We imagine a large document such as an entire book possibly with hundreds of pages that has been scanned into a large number of image files.
The system should be an interactive assistant to an operator that might spend hours or even days with a single book.
The document may contain scripts that are unknown to the system, and it may contain different fonts and sizes of these scripts. It is assumed, however that the number of different distinct glyphs is not too large, say at most a few thousand, and more often a few hundred, different glyphs. The system should not depend on prior knowledge of any scripts or fonts in order to work.
The operator may want output from the system at various stages of the processing. One such type of output might be a set of image files with improved resolution and repaired characters. Another type of output might be a set of distinct glyphs with a position (input image file + x/y coordinates) for each occurrence of the glyph. Yet another type of output might be some linear representation of the text in the form of Unicode characters.
One might for instance imagine working with the software like this:
Inform the software of a directory containing the image files.
Allow the user to apply various image-processing algorithms such as skew correction, projection corrections, etc.
Create a set of glyph categories, where a glyph category represents a set of glyphs belonging to the same font, and having the same face and size. Glyph categories can either be created manually or automatically. Manually creating a set of glyph categories involves inspecting the document for existing glyphs and creating a category for each distinct set of glyphs. The system should be able to create an initial set of glyphs by identifying areas that represent glyphs and comparing such areas for similarity according to some distance metric. At any time, it should be possible to merge two or more glyph categories, or split a glyph category by using a finer distance metric. It should be possible to select some area of any image file and associate that area with a glyph category. For scripts with relatively few glyphs (such as Latin-based scripts) and documents with relatively few distinct fonts, it is entirely reasonable for the user to manually create the categories. In fact, it is very hard to automate this process, because some heuristic would have to be used for when an area contains a single glyph instance, and that heuristic might not be desirable (such as turning diacritical marks into separate glyphs).
For each glyph category (presumably with several glyph instances in it), it should be possible to create a best representative of the glyphs inside it. This can be done automatically by a process of overlapping and averaging the image areas. It should also be possible to produce best representatives with higher resolution than the existing glyph instances.
Ask the system to scan image files for areas that are very likely to contain instances of existing glyph categories (according to some distance metric) and associate those areas with the glyph categories in question.
Ask the system to display glyph instances that cannot be associated with any existing glyph category (because the distance metric gives too large a distance from every existing glyph category). Allow the user to manually associate unaffected glyph instances with an existing category. At the end of this step, each glyph instance has an associated category, and each category has a best representative.
From the glyph categories, produce new image files containing the best representative (possibly with a better resolution than the original) of each glyph category.
Ask the system to produce a dictionary i.e. a set of words where a word is just a sequence of glyph categories that have instances that are close together. Have the system inform the user of the existence of words that occur very few times (which might indicate an error in an association of a glyph instance with a category). It might be possible to abandon the idea of a word as instances that are close together, which might create a more robust system. On the other hand, this concept is very useful for Latin-based scripts and would allow some OCR-like functionality.

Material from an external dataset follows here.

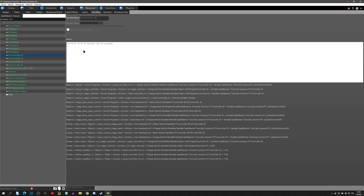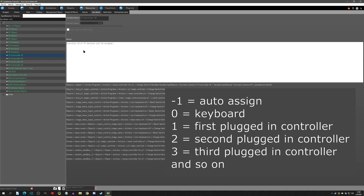Let's review all the controller ID values. Negative one is auto-assign — it takes the first input in order. Zero locks to keyboard only. One is the first plugged-in controller, two is the second, three is the third, and so on. Since there are only four players maximum, you'd only need to worry about controller ID values of one, two, and three. The order corresponds to the order in which controllers are plugged in.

Associate a sequence of Unicode characters with each glyph category, thus making it possible to translate words (according to the definition above) to sequences of Unicode characters. Use an existing dictionary to check such words for spelling. Words that do not occur in the existing dictionary might indicate an error in an association of a glyph instance with a category. Notice that, because of the existence of ligatures, a glyph category might represent several consecutive characters.
Produce output from the system in the form of Unicode, given the association of Unicode characters to glyph categories.
Allow the user to produce font, face, and size information with each glyph category, and produce output in the form of Unicode text with markups for different fonts, faces, and sizes.
(This is vague) Allow the user to indicate areas of different pages that contain different kinds of information (such as tab stops) and have the system produce information about what text belongs to different areas.